25 Years of Father

25 Years of Father
My Father Misses


Every movement of the clock I keep reopening my face cover. Where I keep trying to remember my last memories with Dad. I rubbed Dad's cheeks and lips that were getting cold and hard. My tears came back to me remembering these lips that often said very painful things.


"Lord, forgive all your sins. Forgive me for all the things you did in his lifetime. I don't put any anger on Dad at all. I'm taking it all, God. I want you to leave quietly at this time." I said in the do'a.


When the morning greeted, I invited Angga to take a bath. So did my sister Ica I take her to take a shower. Soon is Father's bath time. It's sad to remember the time is approaching for me to no longer be able to hug and see Dad.


I hurried to take a shower, after getting ready soon I approached Dad again. I hugged and looked at Dad's face.
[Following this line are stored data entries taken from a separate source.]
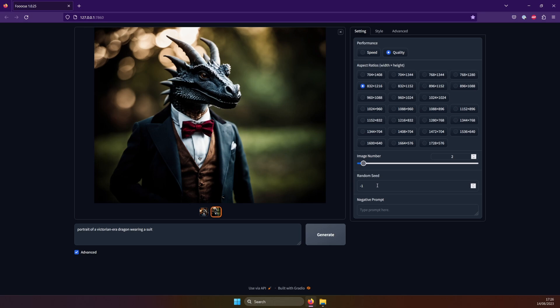Seed you can leave alone, unless you want to create the same or a similar image again, in which case you enter that image's seed here. Negative prompt is where you enter what you don't want to see in your pic. For example, if something keeps showing up that you want to get rid of in your results, write it in here.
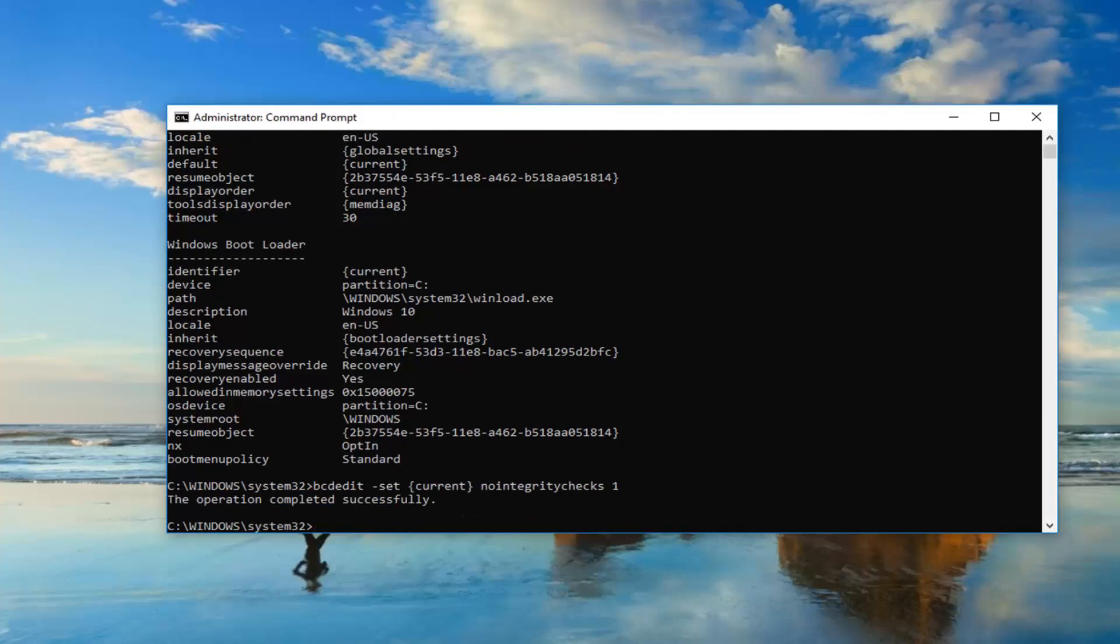It should say the operation completed successfully. At this point just restart your computer. Hopefully you won't have any issues getting into the operating system you're trying to boot into through the Windows Boot Manager.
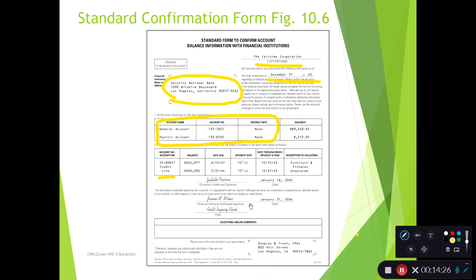This information is returned directly to the accountants — to the public accountants, the auditors. We don't want it to go back to the client because we don't want them to modify anything or change the numbers to match their records. So we want to get this directly from the bank.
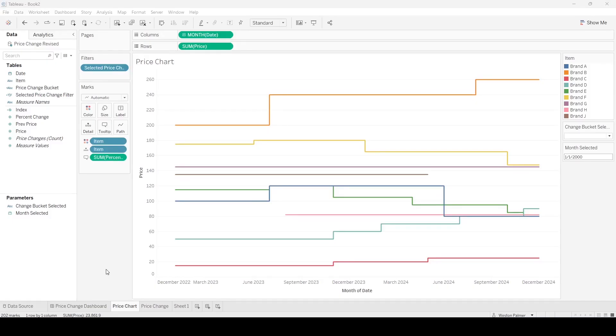This is a quick video about copying and pasting worksheets, moving them, and some of the issues that you may run into. We're going to assume that we have a data source that I used to create this dashboard here, or these worksheets. I've been playing with them, I like what I have, and I actually want to replace the ones in an existing dashboard or another worksheet.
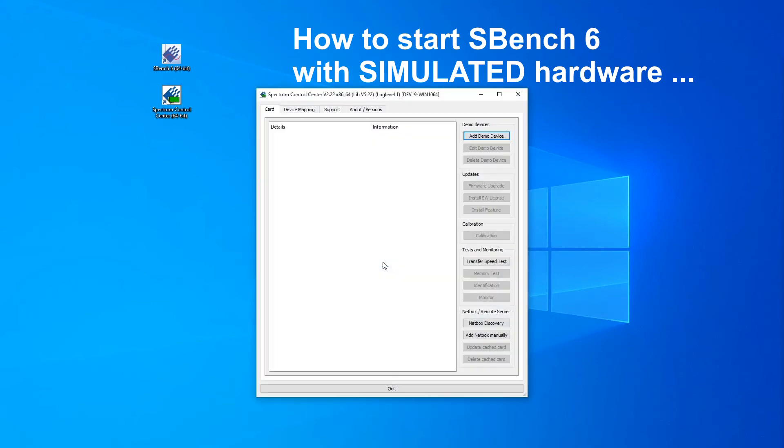The Control Center is usually installed together with SBench 6 but you can also install it separately. You can find the latest version in the download area of our website.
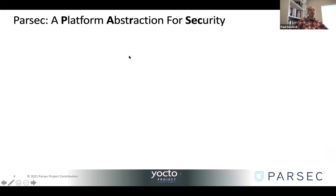So Parsec — it's short for the Platform Abstraction for Security. What does that mean? Why do we need it?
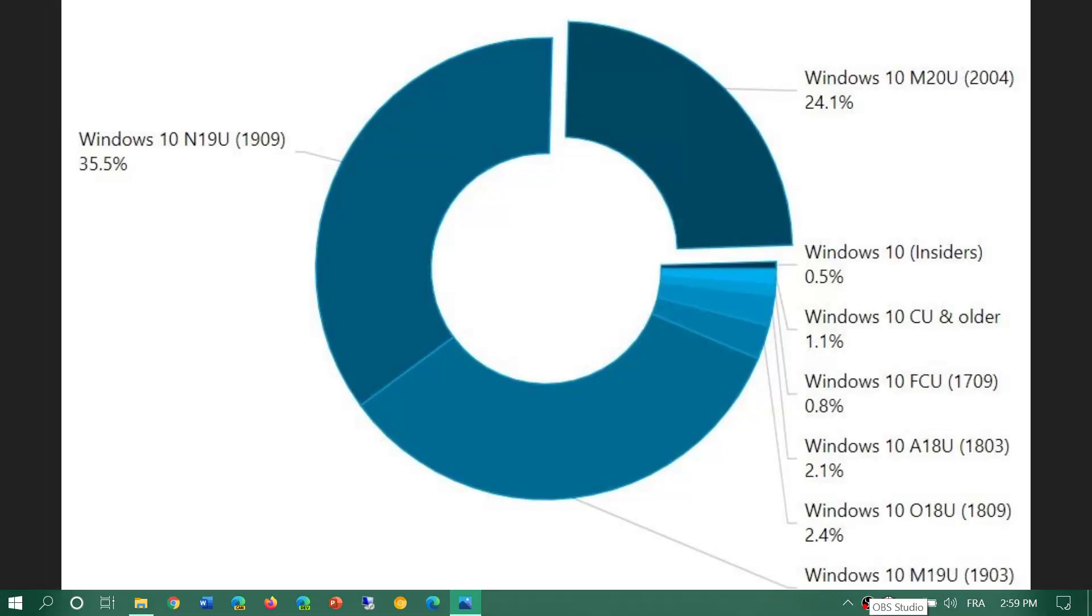Welcome to the Windows and Computer channel and this is a quick look at the market share of the different Windows 10 versions from Add Duplex. These are the numbers for the end of August 2020.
Without feeling it now time has moved so very fast. My tears kept dripping over hearing Mamah crying. I kept watching one by one people come to give us strength. I'm not leaving Dad right now.


Until when my two brothers came. They're all crying. How sick the last brother saw Dad was really gone. Though just yesterday Brother said goodbye to Daddy to go home to take care of Mom. Today you have come back again to see the lifeless Father. It was sad when Dad left there was one brother who could not come. Not only us, my brother was devastated without being able to see Dad one last time.
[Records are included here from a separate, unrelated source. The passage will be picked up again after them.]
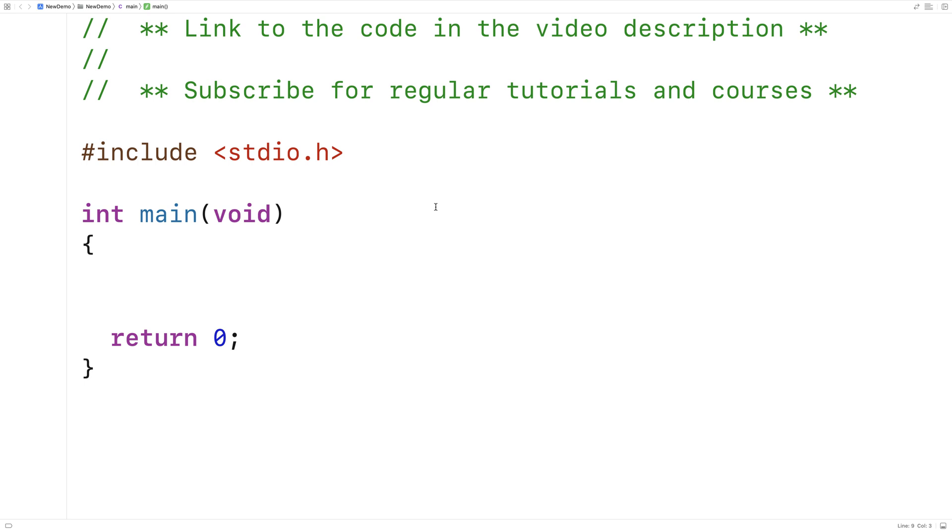In this video, I'm going to go over the atexit function in C, which allows us to assign a function to run when our program exits.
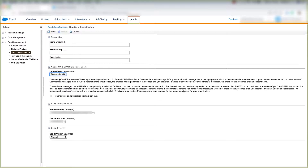Transactional, on the other hand, is going to be used for sends that are sent to your customer whenever they purchase a product, buy a ticket, or need an immediate verification whenever they sign up for a program. A great example of this would be when you buy tickets from a company like Ticketmaster — you want to see an email of the tickets as soon as you buy them. That would be something like a transactional email message.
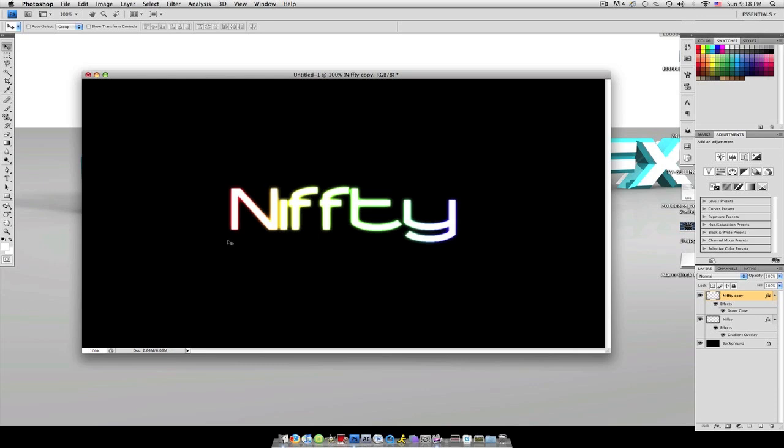So now that's just a colorful glowy text effect you can do in Photoshop. I'm bored. Peace out. Peace, love, and graphics.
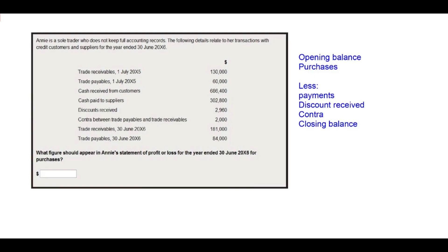Annie is a sole trader who does not keep full accounting records. The following details relate to transactions with the credit customers and suppliers for the year ended 30 June 20X5. In order for us to extract the items for this scenario, let us see the requirement.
My tears broke when I saw that people wanted to lift me up to bathe. I can't help myself not holding Dad's body. I'm sure after the bath there won't be time for me to see Dad.


"Silver, patience. We have to be strong. Dad has calmed down. God knows better for me. It's been quite the pain you're feeling right now." I just kept quiet hearing my sister-in-law's words.
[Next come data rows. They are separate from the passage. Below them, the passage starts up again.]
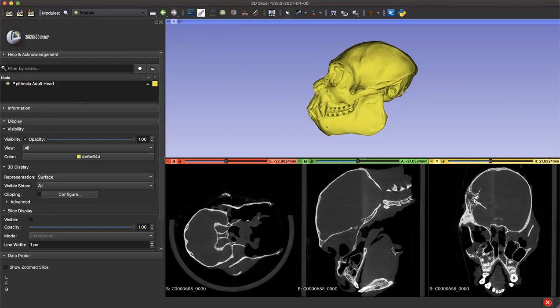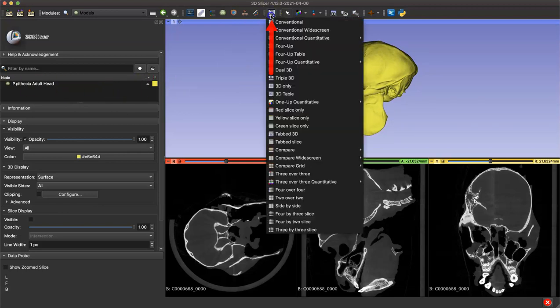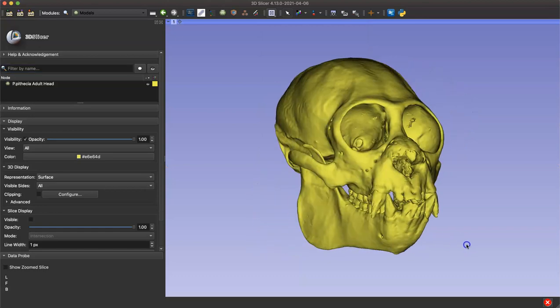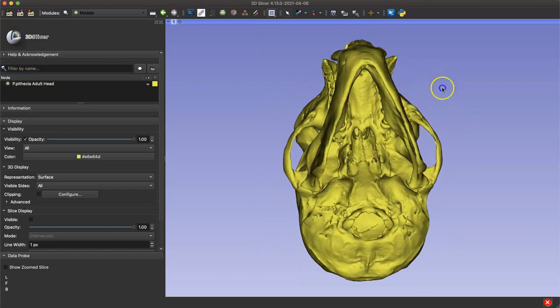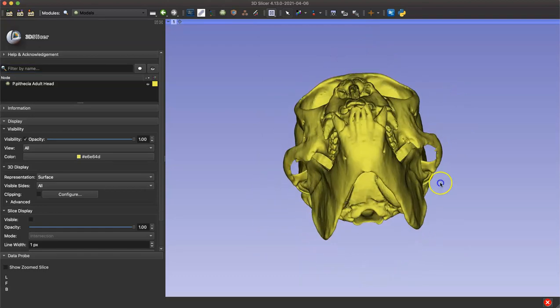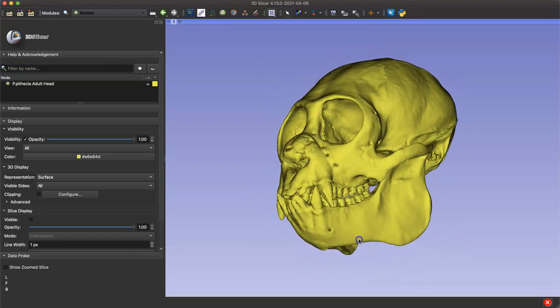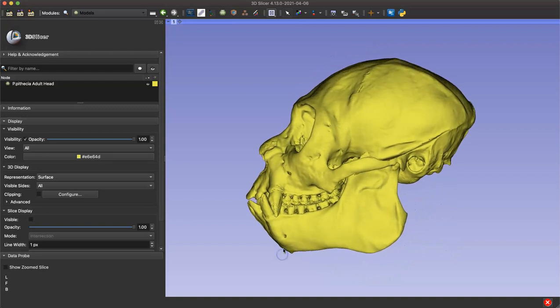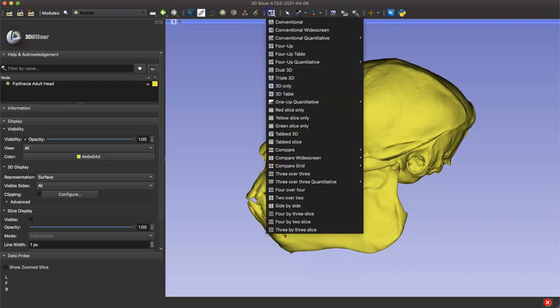You can change the view of your workstation by clicking this button at the top of your screen, which gives you a series of options on how to organize your windows. For landmarking, it might be helpful to use this 3D only option, but there are benefits to being able to see the slices of your volume while you landmark. I usually just use conventional mode.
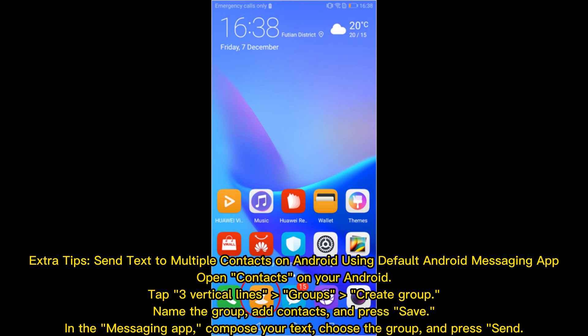Extra tip: send text to multiple contacts using the default Android messaging app. Open Contacts, tap the three vertical lines, go to Groups, and create a group — name it, add contacts, and press Save. Then in the messaging app, compose your text, choose the group, and press Send.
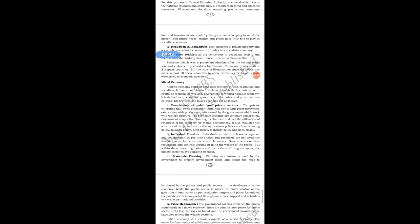The next feature of socialist economy is no class conflict. All are co-workers in a socialist society and there is only the working class; hence there is no class conflict. The government does not differentiate between people doing the same work, so there is no class conflict.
I can only nod with tears. I said the same thing to myself. Dad had given up on enduring his pain all this time. Right now I want to calm down. But, somehow it hurts so bad to remember this time is the last time I could touch Dad. I can't touch Dad anymore in front of him.


"Lord, why did you take my fetus back then? Wh why? Why don't you let me see my son one last time? Why don't you give me a chance to see me give birth to the grandchild you want?" In my heart I could only scream in anger.


Why is it so hard for me to make you happy? That's one question I keep repeating in my heart.


"Dad, I miss you. We're in a different place tonight."